Parce que cela, c’est déléguer sa propre
représentation à d’autres qui vont jouir de
ce privilège dans le parti, qui vont cumuler
les mandats, qui ne vont pas retourner
au boulot. Du coup, cela ressemblera aux
bureaucraties que l’on connaît dans les
partis institutionnels et qui, elles-mêmes,
ressemblent à s’y méprendre à ce que
l’on voit à l’Assemblée nationale. Notre
nouveau parti doit être à l’image et aux
couleurs de la majorité de la société.
Se représenter soi-même : pour moi,
c’est la clé de la reconstruction et de
la possibilité de construire concrètement
un nouveau parti anticapitaliste. C’est le
constat que l’on fait les uns et les autres :
les anonymes du quotidien, ces inconnus
qui en ont ras le bol d’être exploités, que
l’on croise dans les transports, quand on
fait nos courses, au boulot, avec lesquels
ont discute et dont on crèverait d’envie que
ceux-là et celles-là fassent enfin irruption
sur la scène politique.
RED : Quelles pistes de discussion voudrais-tu lancer pour ce nouveau parti ?
Olivier : Cet appel pour un nouveau
parti est aussi une question : est-ce que,
comme nous, vous pensez que l’heure
est venue de construire un parti internationaliste,
un parti indépendant, un parti
anticapitaliste, un parti qui veut toujours
révolutionner la société ?
Internationaliste et, donc, également antiraciste.
Internationaliste au sens où l’envisageait
Che Guevara, c’est-à-dire capable de
ressentir de l’angoisse quand on assassine
un peuple quelque part dans le monde, ou
qu’on le laisse crever, comme c’est le cas
aujourd’hui au Darfour, en Palestine ou
en Irak. Capable de ressentir de l’angoisse
mais, aussi, de l’espoir quand se dresse le
drapeau de la liberté, comme cela commence
à être le cas en Amérique Latine.
Indépendant vis-à-vis du pouvoir, avec
une défiance quasi-libertaire vis-à-vis des
institutions.
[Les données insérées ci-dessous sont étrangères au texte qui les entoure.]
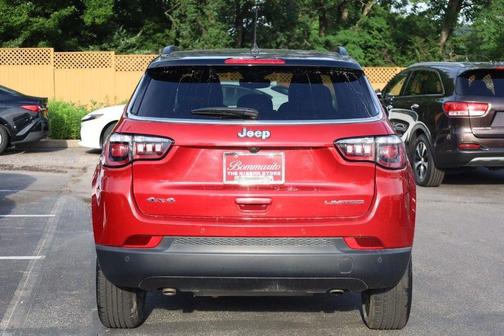 Red 2025 Jeep Compass Limited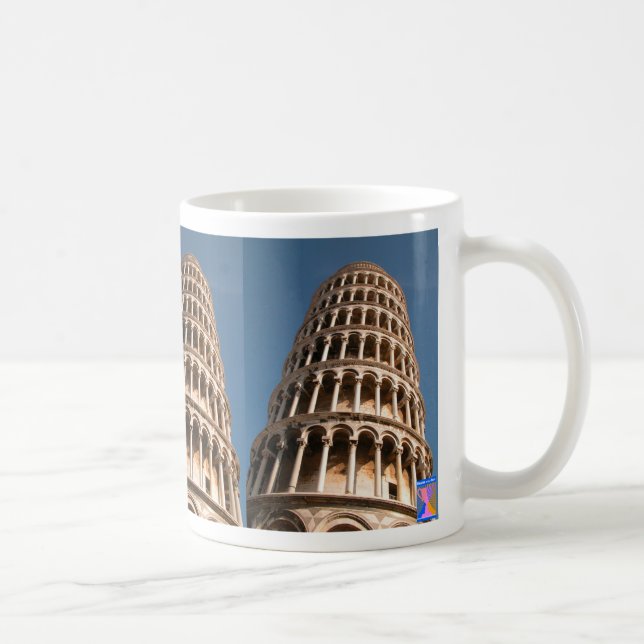 Lehnender Turm-Kaffee-Tasse Kaffeetasse (Rechts)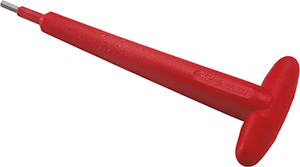 Geïsoleerde T-Sleutel Binnenzeskant Lang 5mm VDE 1000V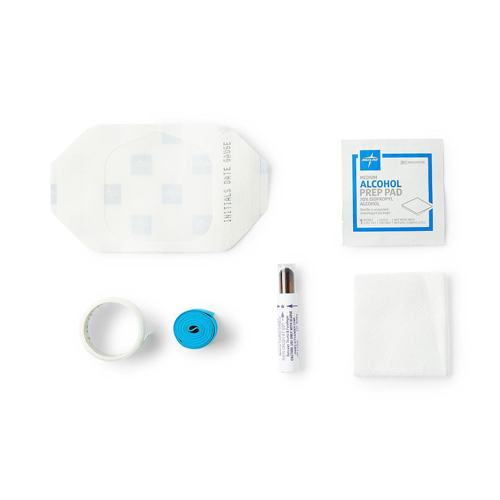 MEDDYND74088 - Medline - Medline 7-Piece IV Start Kit with Alcohol Prep Pad, PVP Ampule and Suresite Window, 100 EA/CS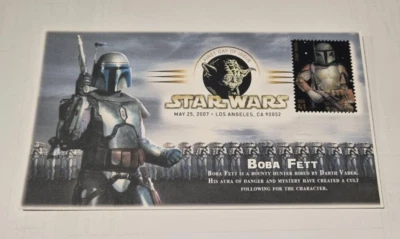 Star Wars USA Stamp & envelope BOBA FETT First Day issue 2007 - Image 1 of 2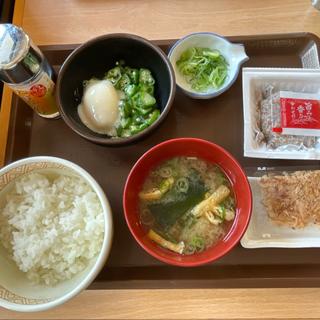 納豆のっけ朝食ミニ(すき家 横浜日野中央店)
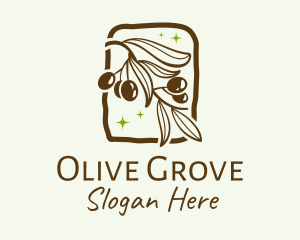 Olive - Brown Olive Branch logo design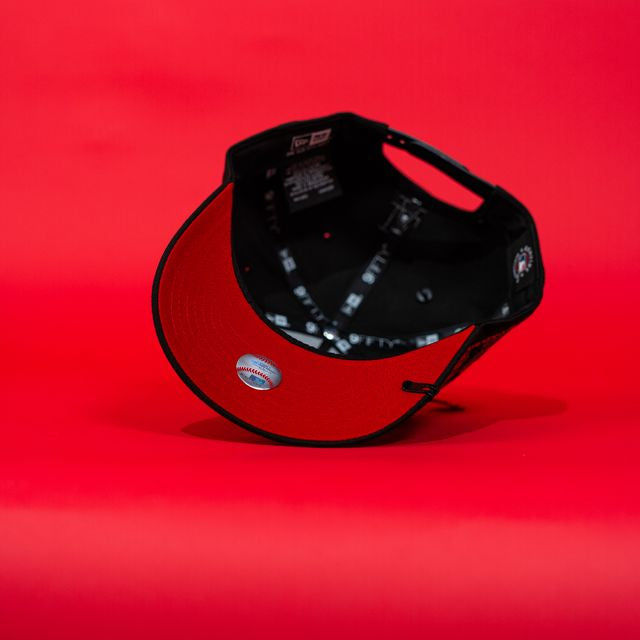NEW ERA EXCLUSIVE 9FIFTY A-FRAME BLACKED OUT LOS ANGELES DODGERS JAPANESE SCRIPT W/ SHOHEI OHTANI 50-50 CLUB SIDE PATCH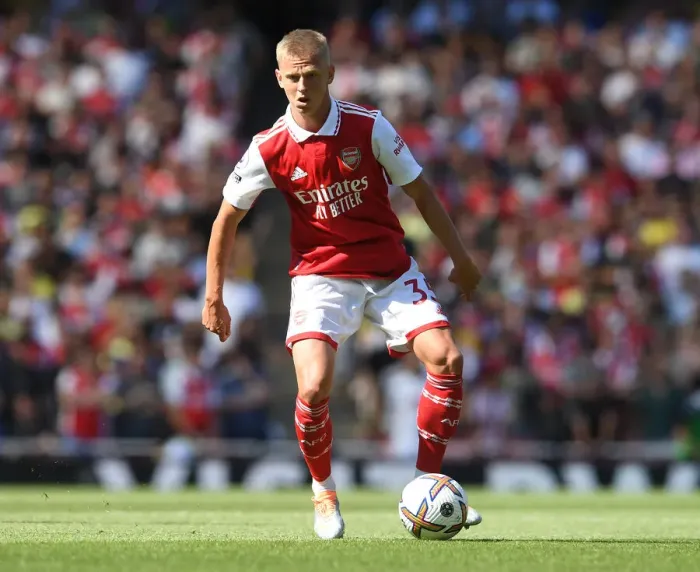 Framed Print : Arsenal's Zinchenko Shines: Arsenal vs. Leicester City, Premier League 2022-23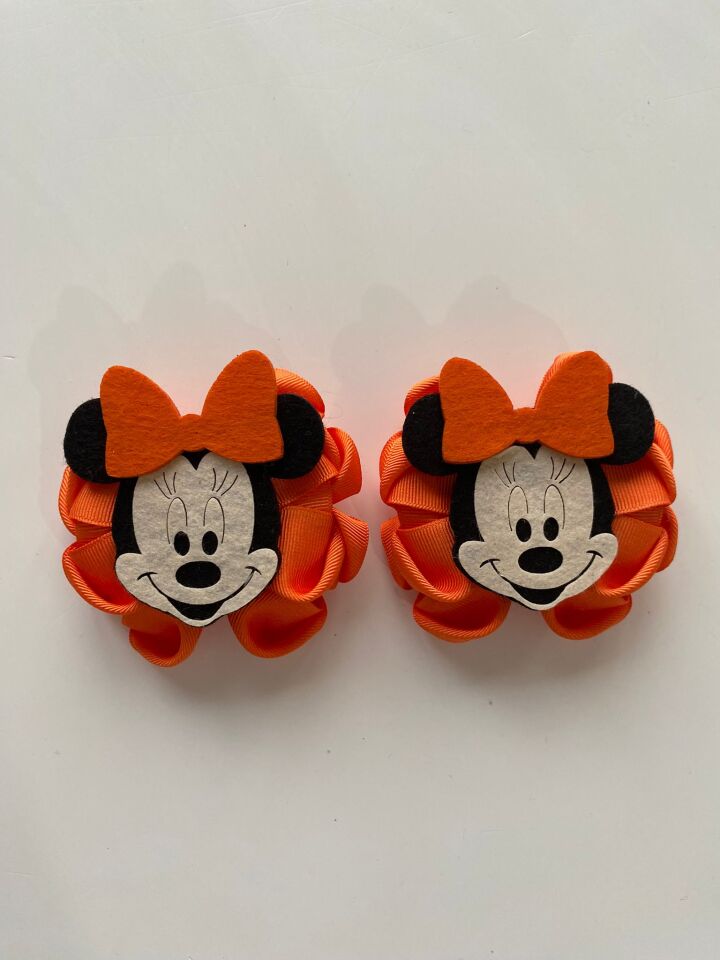 Turuncu Minnie Mouse 2 li Toka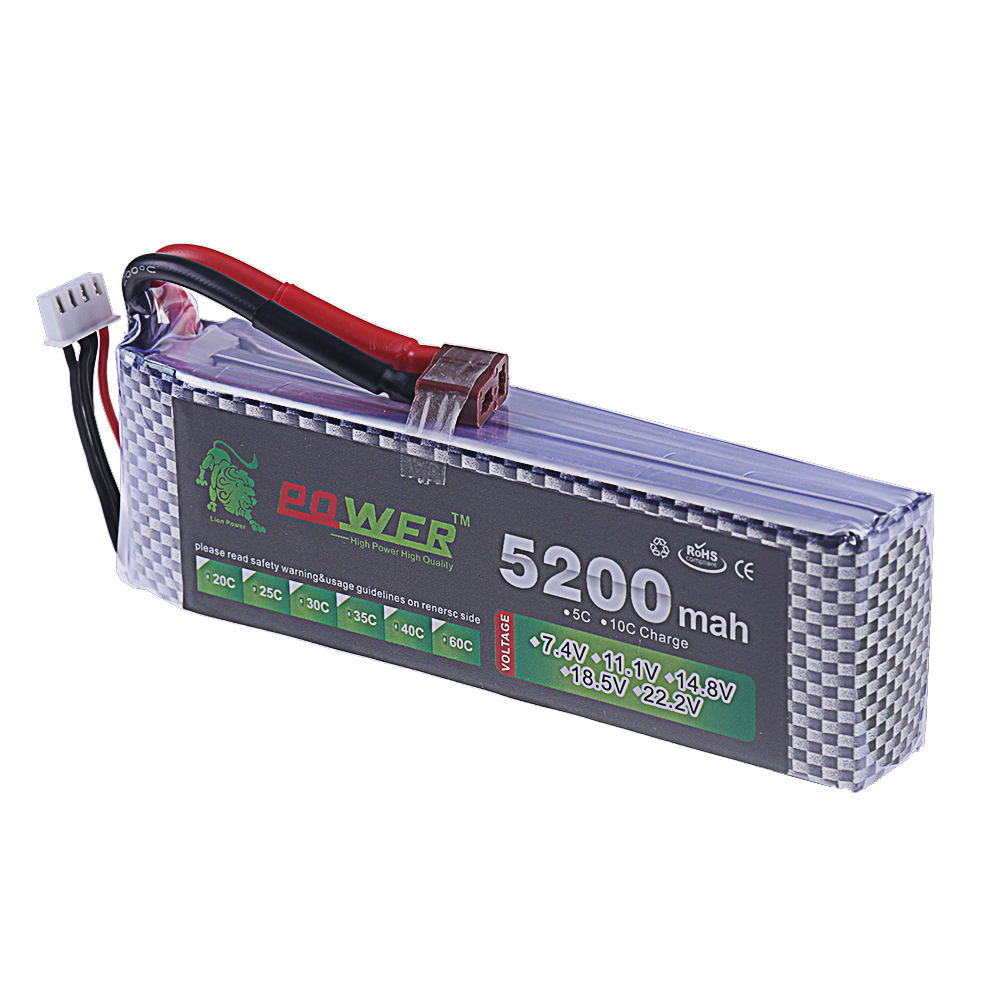 3S Lipo Battery 11.1V 5200mah  – обзор и цена Drone Battery 3S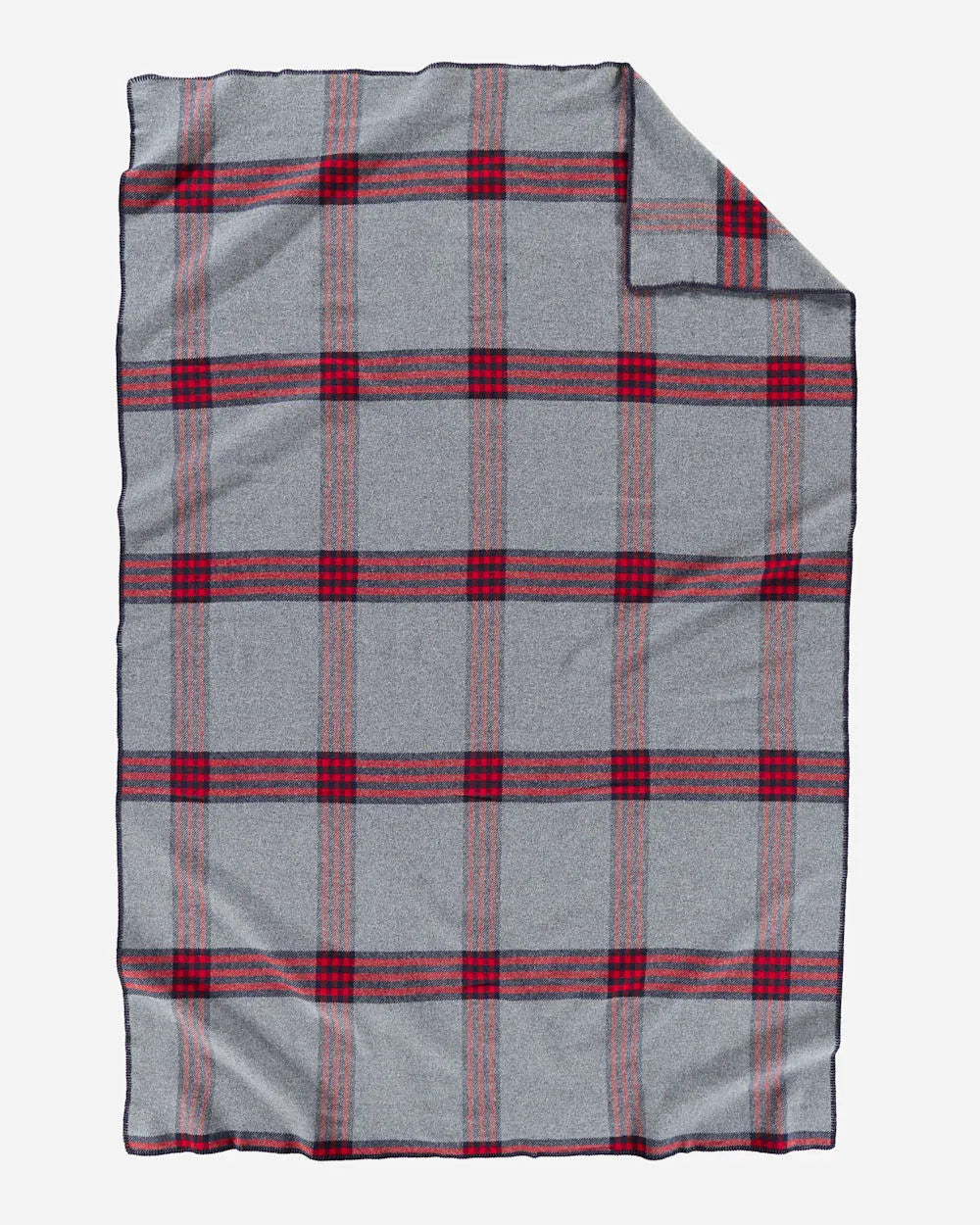GREY/RED PLAID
Sur la question du pouvoir,
la gauche se divise entre ceux qui l’appréhendent
comme un moyen de changer
la société et ceux qui l’envisagent pour
se résigner à la société telle qu’elle est.
Prendre le pouvoir n’est pas une question
taboue, à la condition que la population
puisse se le partager et à la condition que
les partis de la gauche anticapitaliste, en
croyant prendre le pouvoir, ne soient pas
pris par le pouvoir.
Anticapitaliste, et pas seulement antilibéral.
Car il ne s’agit pas seulement
de résister à la mondialisation capitaliste
actuelle. Il s’agit de proposer des solutions
alternatives permettant de financer les
mesures d’urgence que nous préconisons :
salaires, protection sociale, logements
sociaux, emplois. Cela implique de poser
la question cruciale de la répartition des
richesses et de leur contrôle par tous. C’est
une question sociale ; mais c’est aussi une
question démocratique : qui décide ? Dans
l’économie de marché, une minorité de privilégiés
décide pour tout le monde, dans le
dos de tout le monde et sans le contrôle de
personne. Nous, nous pensons que dans
les entreprises, les quartiers, les villes,
c’est la population elle-même qui est la
mieux à même de déterminer ses propres
besoins et les moyens de les satisfaire.
Un parti qui veut révolutionner la société
? Il s’agit de regrouper tous ceux et toutes
celles qui pensent qu’une autre société
que le capitalisme est possible, sans pour
autant avoir des réponses achevées sur
tous les sujets et en tirant le bilan des
révolutions passées. Il s’agit, avec tous
ceux qui y sont prêts, de refonder et de
réinventer le socialisme du XXI° siècle.